Joey and I are sitting in a time-share condo in Branson, MO. Onyx coffee brewing. Pistachio shells in styrofoam cups.
A kind couple from church offered this place to us as a retreat. Our Little Crazies are spending a fun weekend with my parents while we sleep in past 7:00am, read for pleasure, and rest our weary parenting muscles.
We ate at Grandma Ruth’s Cinnamon Rolls restaurant this morning, and a Roy Rogers doppelganger serenaded us with his cowboy tunes while we indulged in sticky toffee cinnamon rolls–our first breakfast post-Daniel fast. A true “break-fast.” Grandpa Milt would have loved every minute of it.

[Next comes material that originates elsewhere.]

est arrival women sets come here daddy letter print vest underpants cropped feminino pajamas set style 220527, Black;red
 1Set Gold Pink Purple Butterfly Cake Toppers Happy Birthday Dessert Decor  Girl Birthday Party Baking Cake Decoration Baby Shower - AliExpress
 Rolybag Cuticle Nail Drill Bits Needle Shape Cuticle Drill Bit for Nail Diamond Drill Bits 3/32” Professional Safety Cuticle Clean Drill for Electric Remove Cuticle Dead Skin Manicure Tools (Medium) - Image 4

My grandparents come from the era of “fixing it.” If something breaks or wears down, you don’t drive to Target for a new one. You fix it. Patch the jeans. Duct tape the broom. Get under the car yourself.
Gram and Gramps playing Play Doh with Finn at Big Cedar over Christmas.
They are resourceful and enterprising; making whatever they have last. Their era was one of scarcity. WWII raged while they were just kids on the farm, the Great Depression had rattled the American Dream, and the men worked hard to put food on the table for their housewives and children. I respect and admire their industrious, conserving qualities. “Waste not, want not.”
I cannot, however, apply these principles to my spiritual life. The Kingdom of God is not one of scarcity; it boasts abundance. When I uncover ugly parts of me–embarrassing weaknesses, habitual sin–my tendency is to patch them up. Slap some duct tape on them and hope they don’t burst open.
Pastor Craig said something recently that stuck with me like super glue on my grandparents’ broken vase:
“Jesus did not come to make us better. He came to make us new.”
Whoa. There’s no patch large enough to cover my insecurity and sin. When it comes to our lives, betterment without the grace of Jesus is silly; futile.
“You were taught, with regard to your former way of life, to put off your old self, which is being corrupted by its deceitful desires; to be made new in the attitude of your minds; and to put on the new self, created to be like God in true righteousness and holiness.” (Eph. 4:22-24)
We get to trade in our old, scuffed-up self for a new self. A fresh start. Stop patching yourself up. Let Jesus make you new.